This is a difficult trend to prove empirically, but Alison Green, Slate’s resident workplace expert, has noticed a shift: We simply don’t hang out with our co-workers like we once did.
 
Another factor that figured into my situation was living in cities and the daily long commute. Hanging around after work to have a drink or two and then fight the traffic to get back home was not enticing. When we all still worked in the office every day, I was >>> likely to go have lunch with colleagues than stay around after work to have a drink.
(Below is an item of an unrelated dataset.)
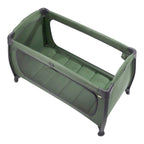 Reiseseng Play n Relax Center med stellematte 129x79 cm - Hauck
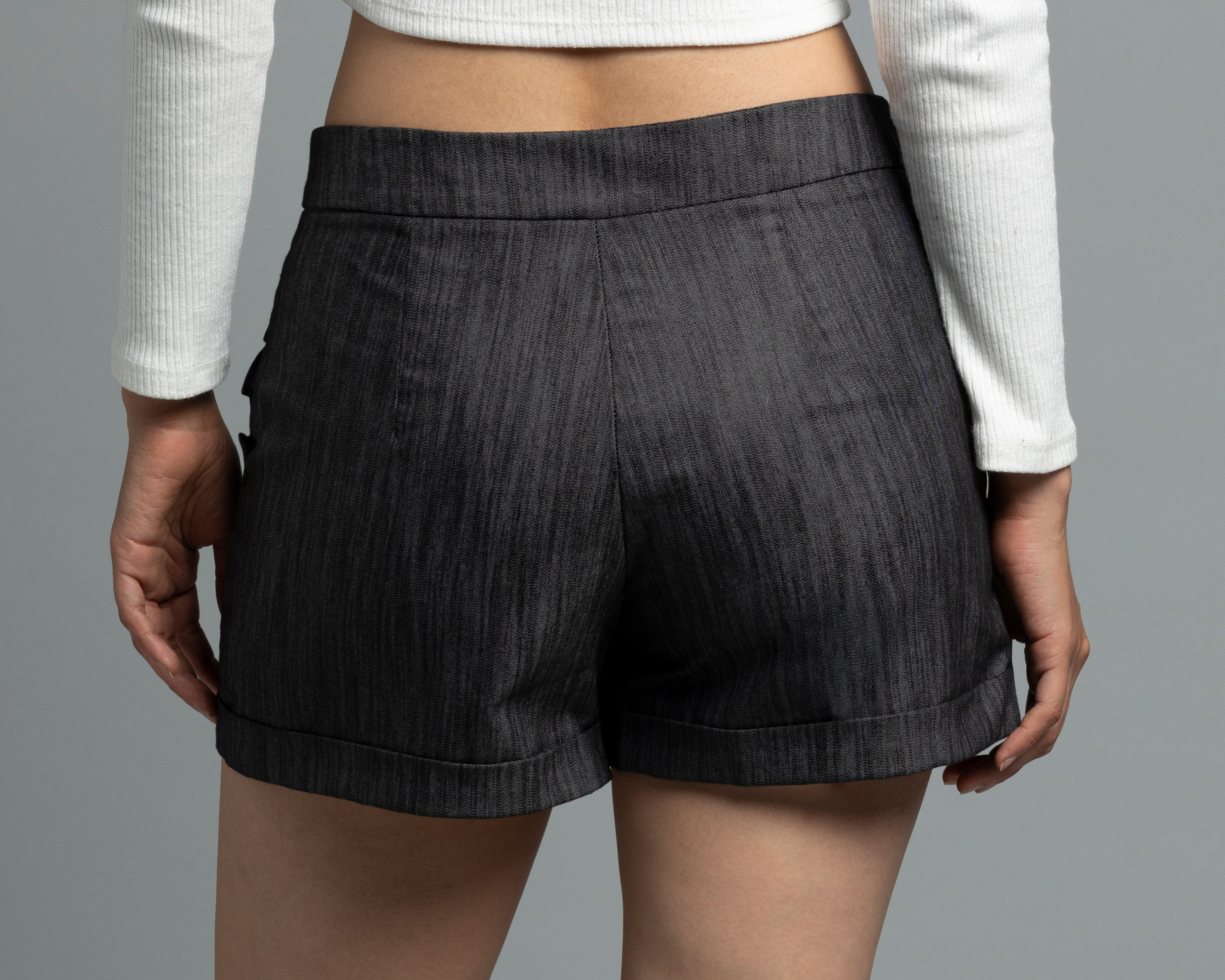 Foto 5 | Foto 5 | Short Strona para Mujer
On top of that, by the time I was maybe 35 or so, I just didn't drink much so hanging out in a bar after work to, in essence, do nothing but chat with co-workers seemed a waste of time.
 
I’ve worked in almost every industry and region in the US and quite a few in Europe. I’d argue that over the last 20 years, the only place where I’ve seen a heavy “Happy Hour” culture was Chicago - and that was 20 years ago. My more rural clients still do weekly golf during the summer - and we go out drinking too - but I wouldn’t call it a happy hour (more like a long evening including dinner).

I worked with a crew in LA who also did Happy Hours occasionally, but that was due to the fact they were younger and one guy in particular took the effort to organize them.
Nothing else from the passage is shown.